The Continuous Simulink blocks State-Space, Transfer Fcn, and Zero-Pole are not supported and not stubbable for range analysis. For more information on blocks that are supported for range analysis, see Supported and Unsupported Simulink Blocks.

Compatibility Considerations

If you have a model that contains one or more continuous State-Space, Transfer Fcn, or Zero-Pole blocks, your model is incompatible with range analysis. Consider analyzing smaller portions of your model to work around this incompatibility.

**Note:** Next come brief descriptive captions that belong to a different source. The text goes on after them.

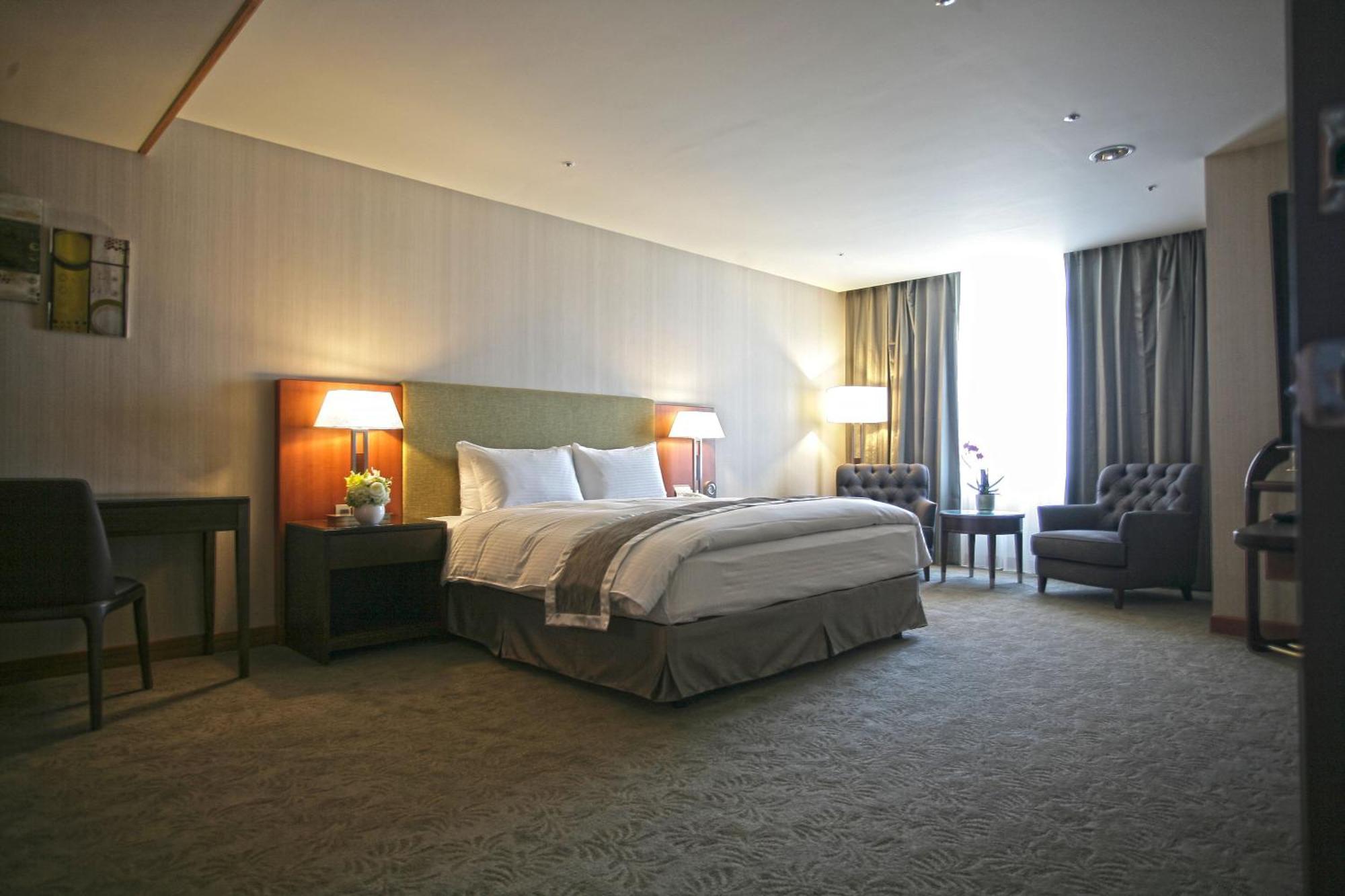 Taichung Harbor Hotel Wuqi Номер фото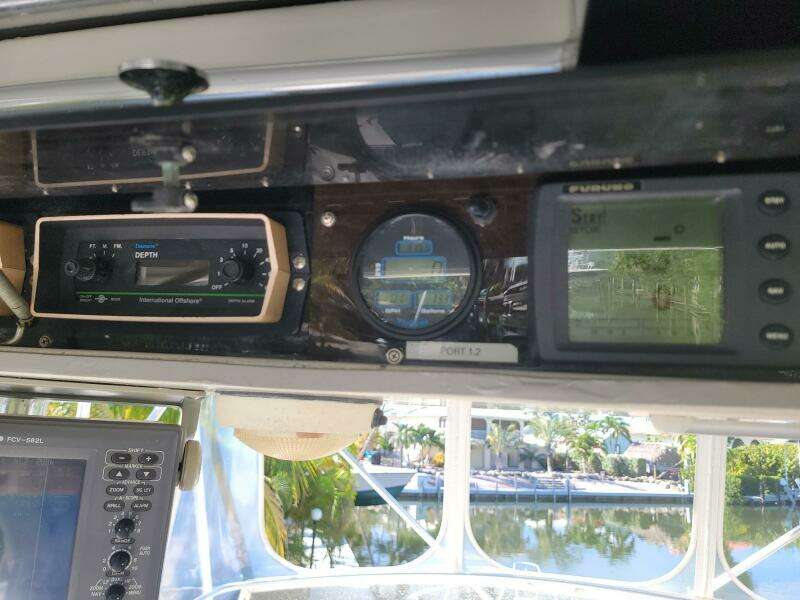 Trophy Hunter 50ft Bertram Yacht For Sale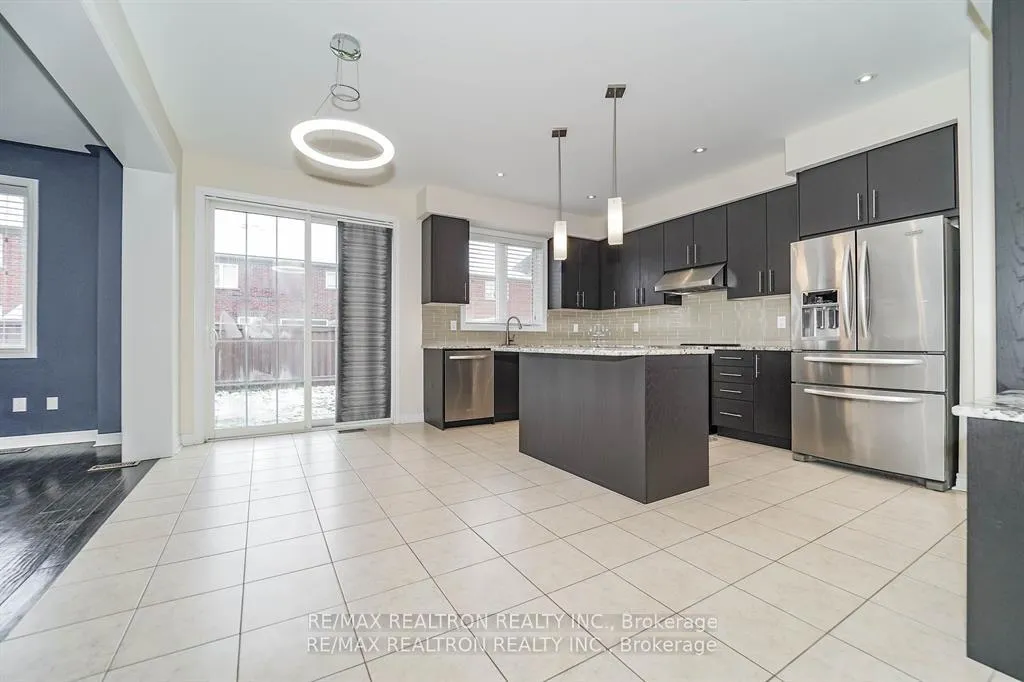 Photo 8 of 18 Corduroy Road, Markham, Victoria Manor-Jennings Gate — HOMEH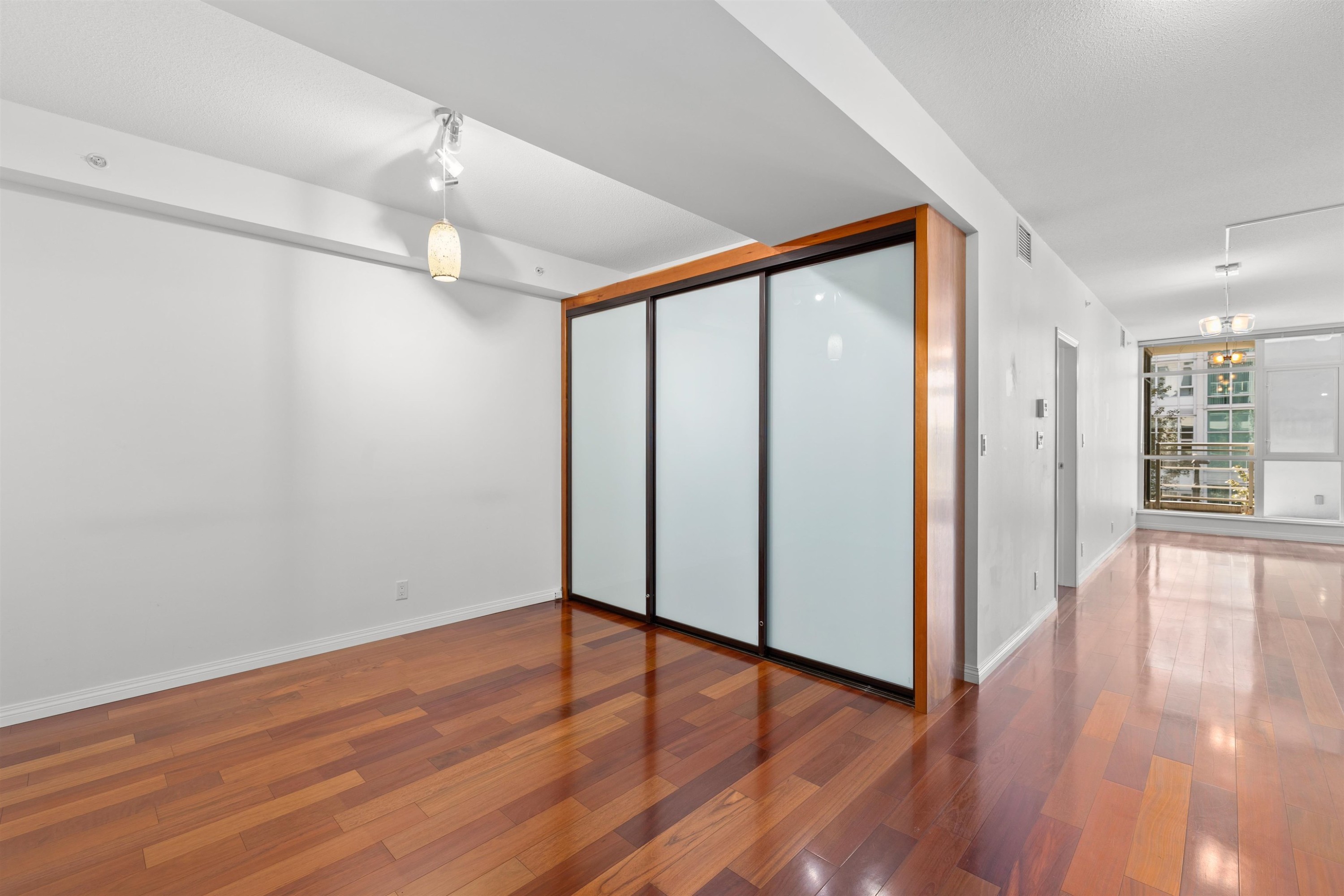 









100


Esplanade

Avenue East, 307,
North Vancouver,




BC
V7L 4V1

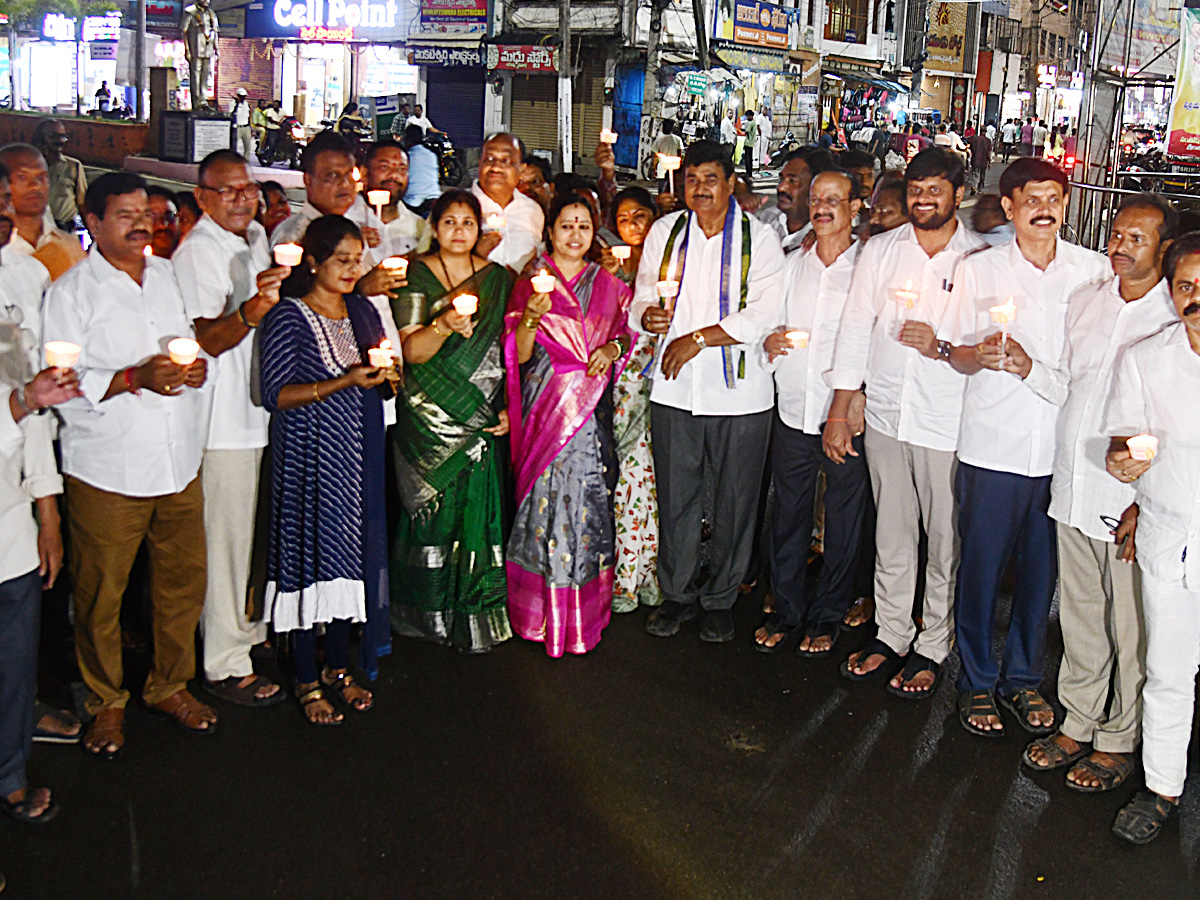 Kashibugga incident YSRCP candlelight rally in district centers photos7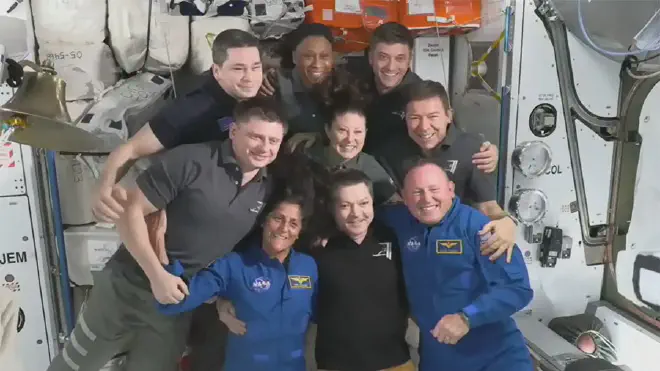 The seven members of the Crew of expedition 71 along with the two members of the Starliner flight test crew, for a set portrait aboard the space station. On the front, from the left: Suni Williams, Oleg Kononenko and Butch Wilmore. In the second row from the left, Alexander Grebenkin, Tracy C. Dyson and Mike Barratt. Behind, Nikolai Chub, Jeanette Epps and Matthew Dominick. Image credit: Nasatv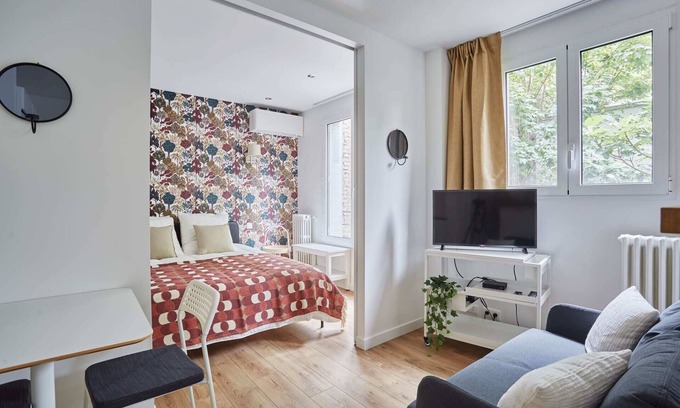 16th Arrondissement Apartment | Degas Studio - One Bedroom Apartment, Sleeps 2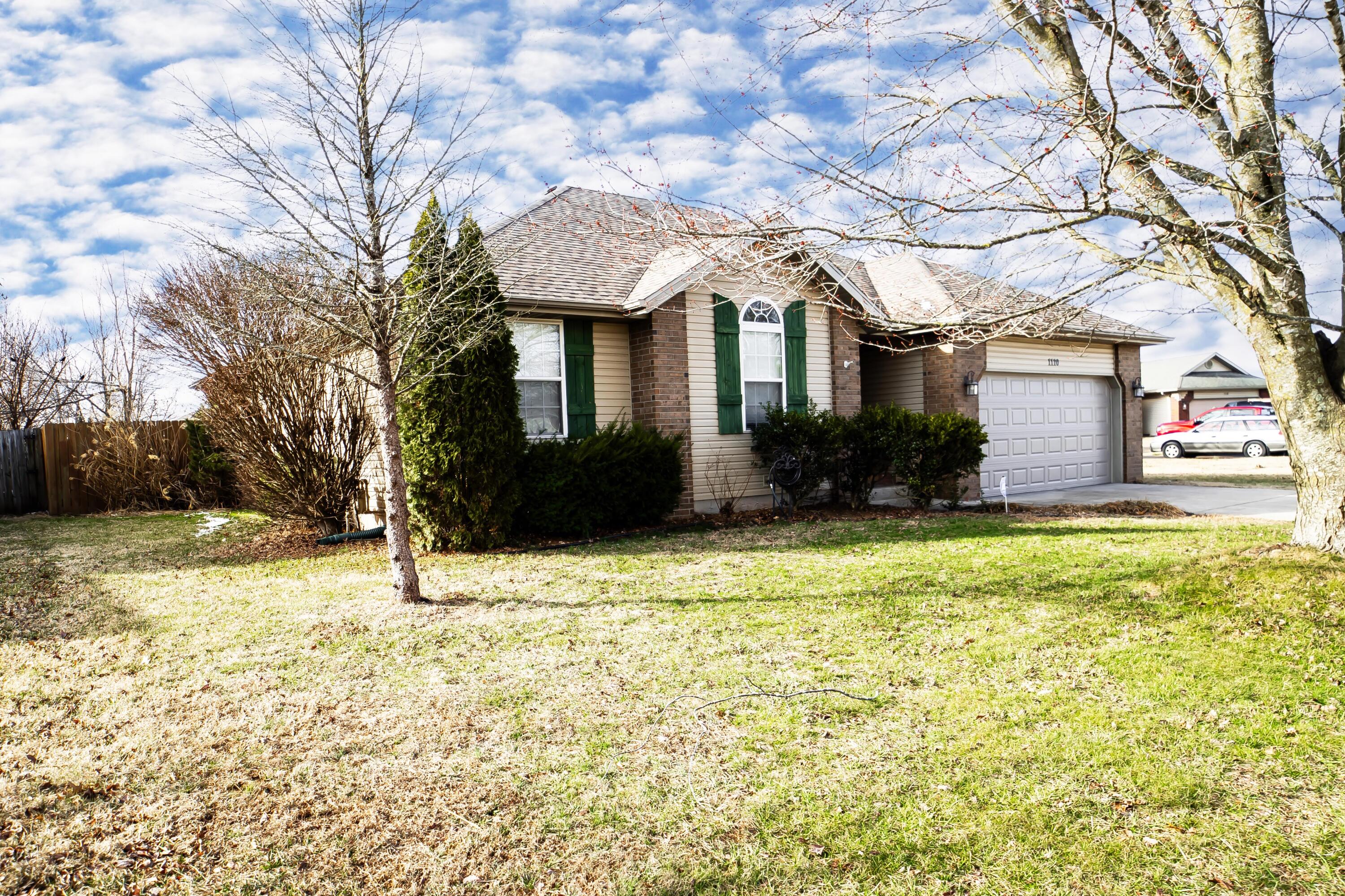 1110 West Thorngate Drive Property Photo 2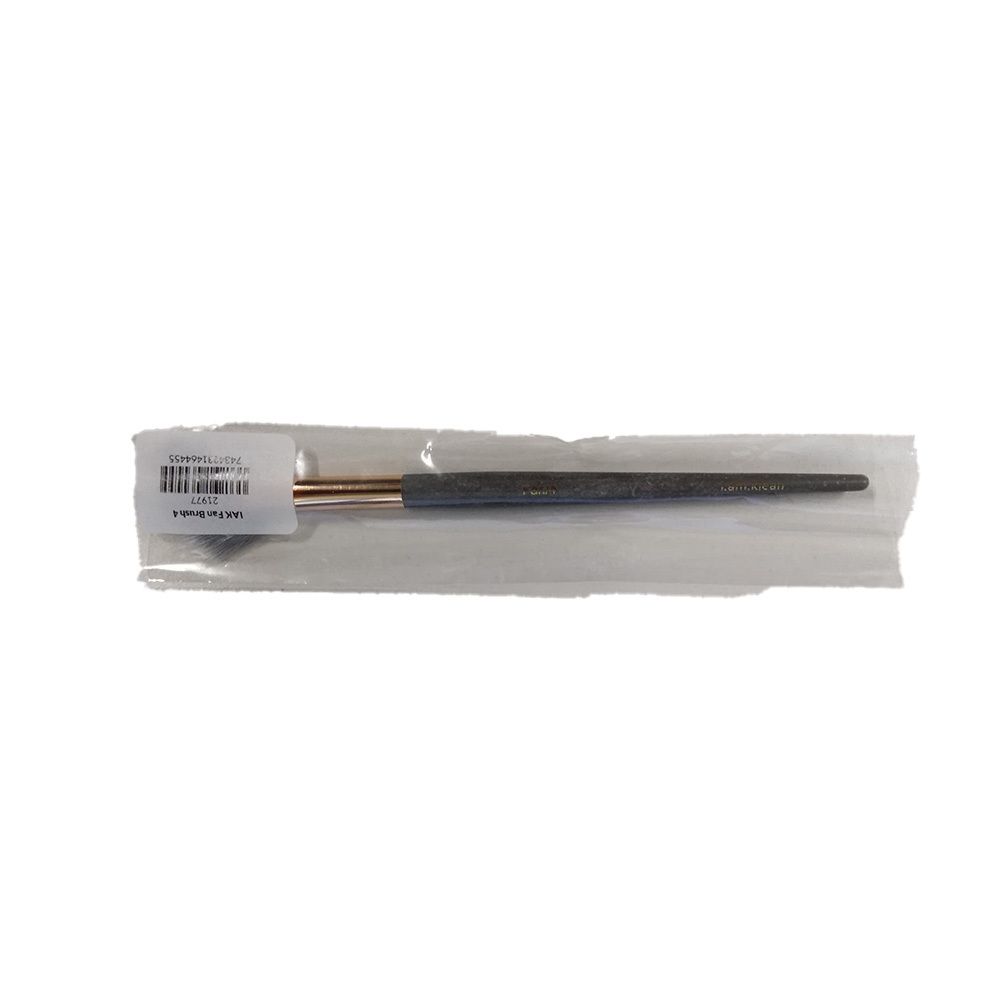 Pinceau dans un emballage plastique. Manche noir, virole dorée, poils clairs. Étiquette code-barres.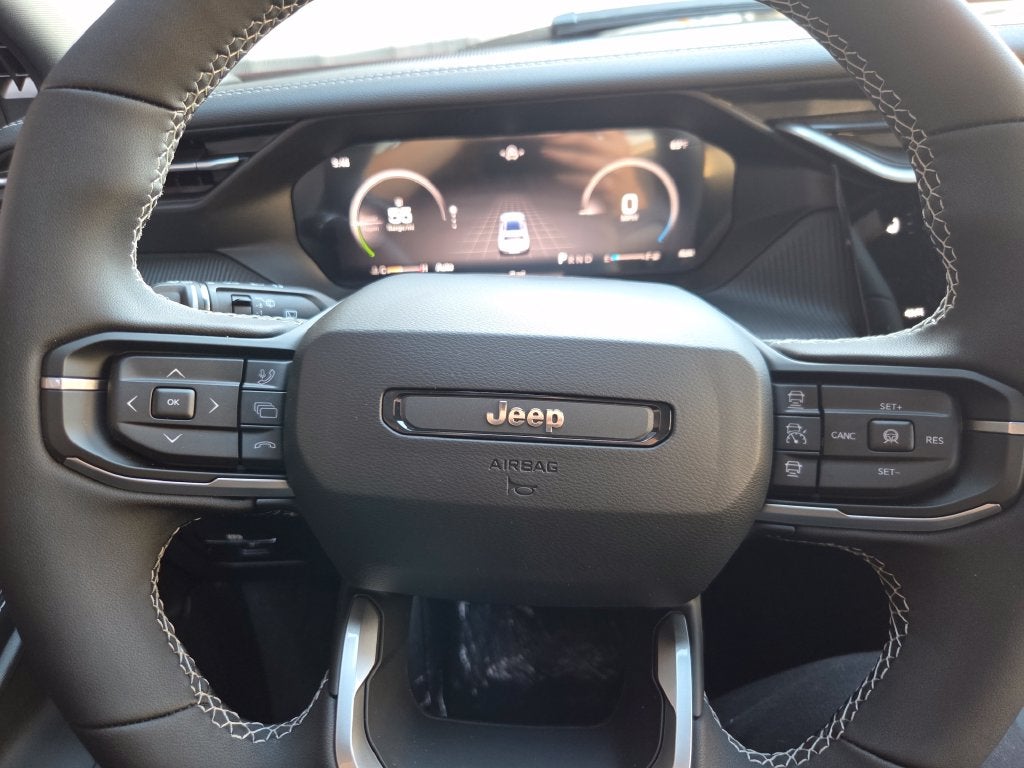 2027 Jeep Cherokee Laredo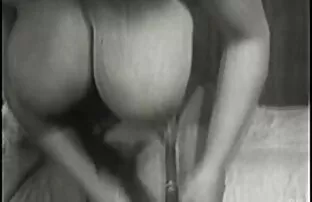 XXX Masseuse Mulatto می شود با فلفل عكس سكسي زن چاق سفید لعنتی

Enhanced fiaccel support for int64 and uint64 functions

The fiaccel function now supports int64 and uint64 with fi inputs.

Support for LCC compiler on Microsoft Windows (64-bit) machines

If you are using Microsoft Windows (64-bit), LCC-64 is now available as the default compiler. You no longer have to install a separate compiler to perform fixed-point acceleration using fiaccel.

Warning for use of inexact fi and fimath property names

All fi and fimath property names are case sensitive and require that you use the full property names. Effective R2013b, if you use inexact property names, Fixed-Point Designer generates a warning.

Compatibility Considerations

To avoid seeing warnings for fi and fimath properties, update your code so that it uses the full names and correct cases of all these properties. The full names and correct cases of the properties appear when you display a fi or fimath object on the MATLAB command line.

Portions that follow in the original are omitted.